→ **Requirement**
Exact reproduction is required for the lines below starting at the line with "Satin Glossy 3D Pouch Low-Rise Men's Briefs" and ending at the line with "Bed in Landhotel", both included. No other lines, and no pictures.

→ **Input data**
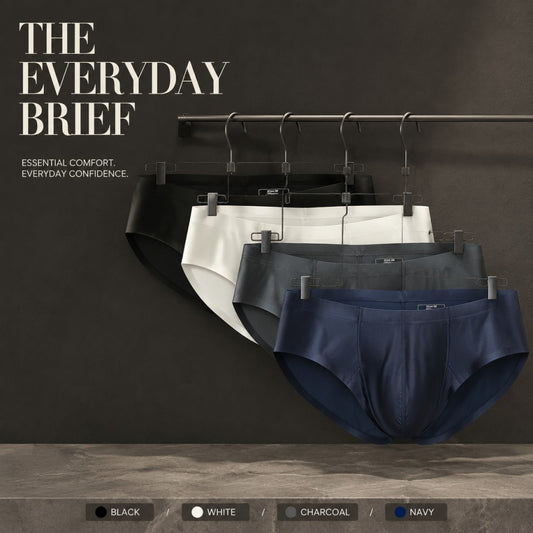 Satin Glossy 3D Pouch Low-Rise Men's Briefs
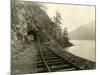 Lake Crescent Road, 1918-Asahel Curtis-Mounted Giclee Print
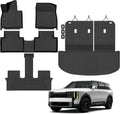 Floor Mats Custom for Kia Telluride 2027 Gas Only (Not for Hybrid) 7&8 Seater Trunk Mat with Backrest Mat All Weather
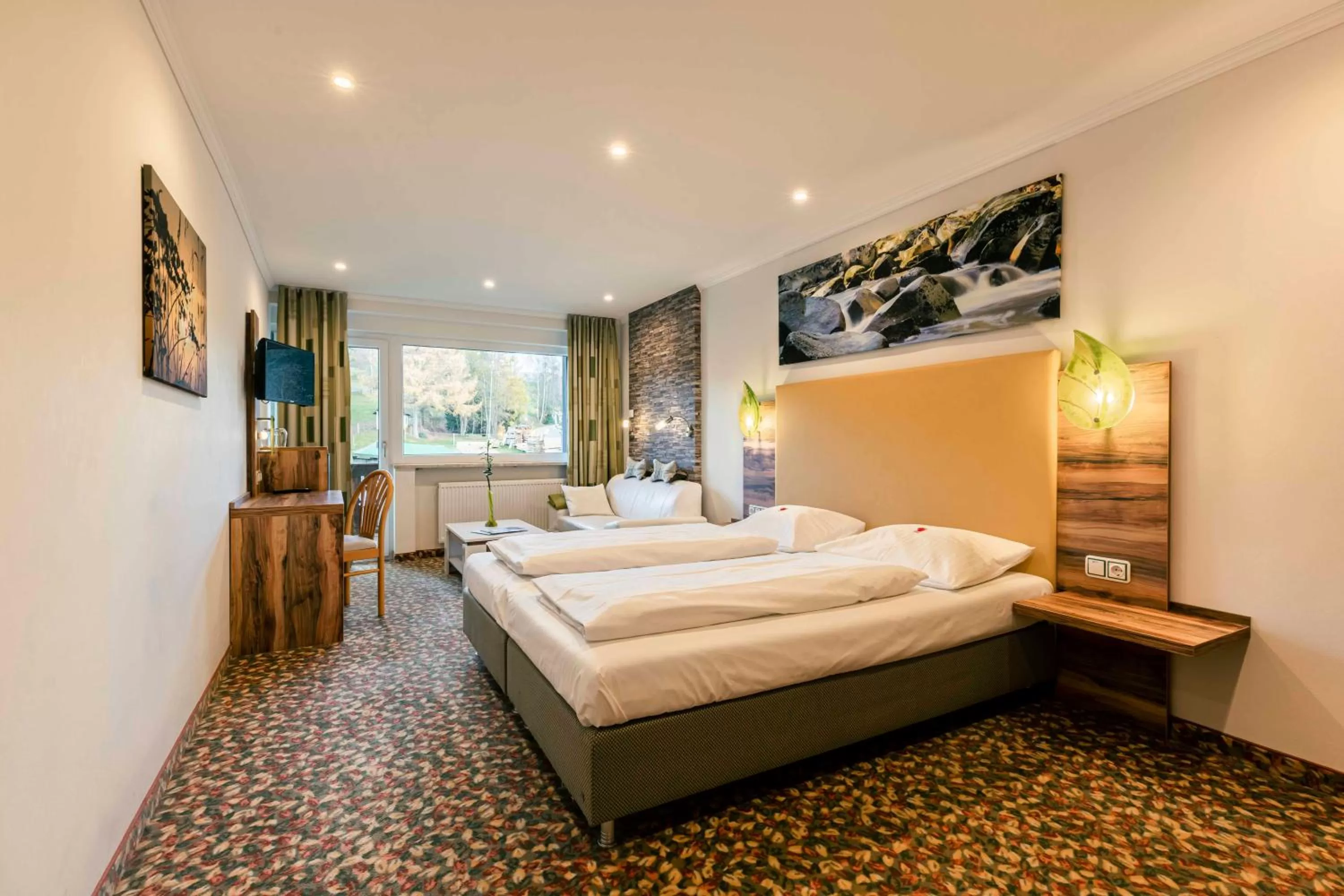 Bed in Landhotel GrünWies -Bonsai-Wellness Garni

* * *

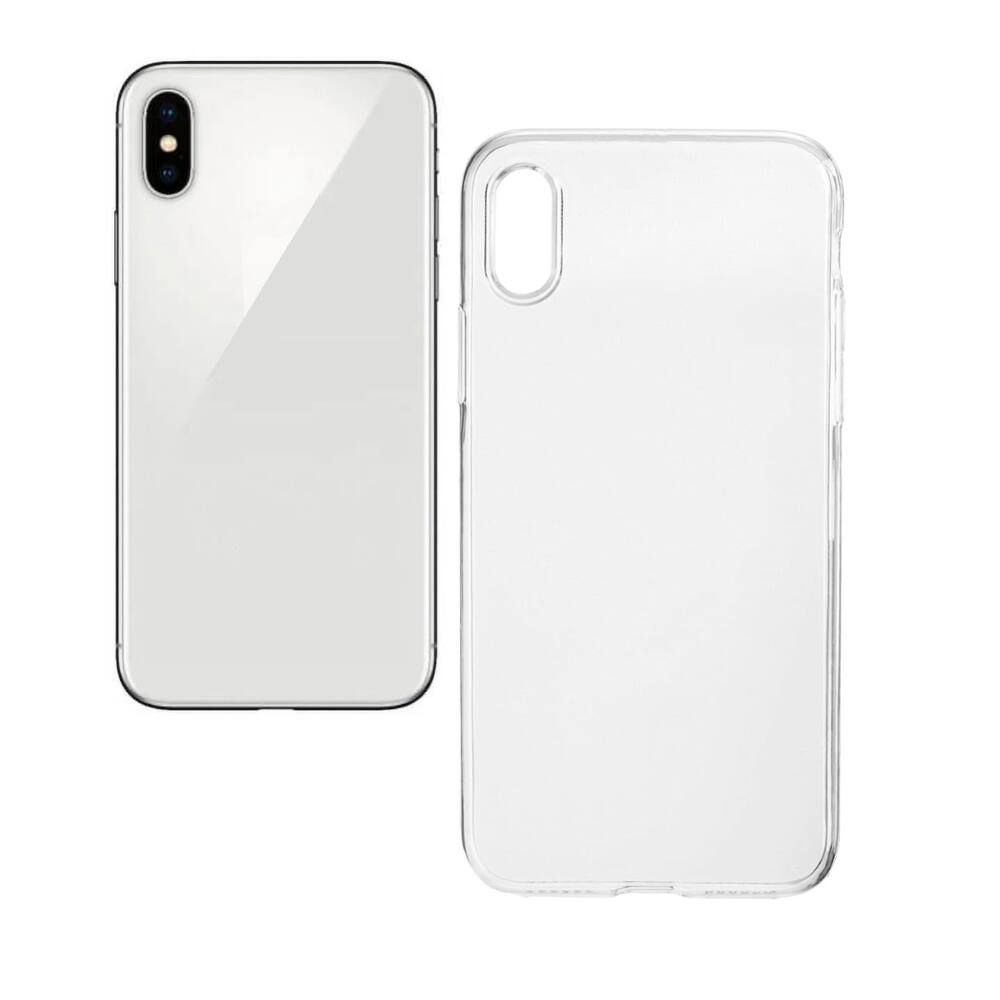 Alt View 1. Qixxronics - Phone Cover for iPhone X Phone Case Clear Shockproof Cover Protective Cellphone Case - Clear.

→ **Output**
 Satin Glossy 3D Pouch Low-Rise Men's Briefs
 Lake Crescent Road, 1918-Asahel Curtis-Mounted Giclee Print
 Floor Mats Custom for Kia Telluride 2027 Gas Only (Not for Hybrid) 7&8 Seater Trunk Mat with Backrest Mat All Weather
 Bed in Landhotel GrünWies -Bonsai-Wellness Garni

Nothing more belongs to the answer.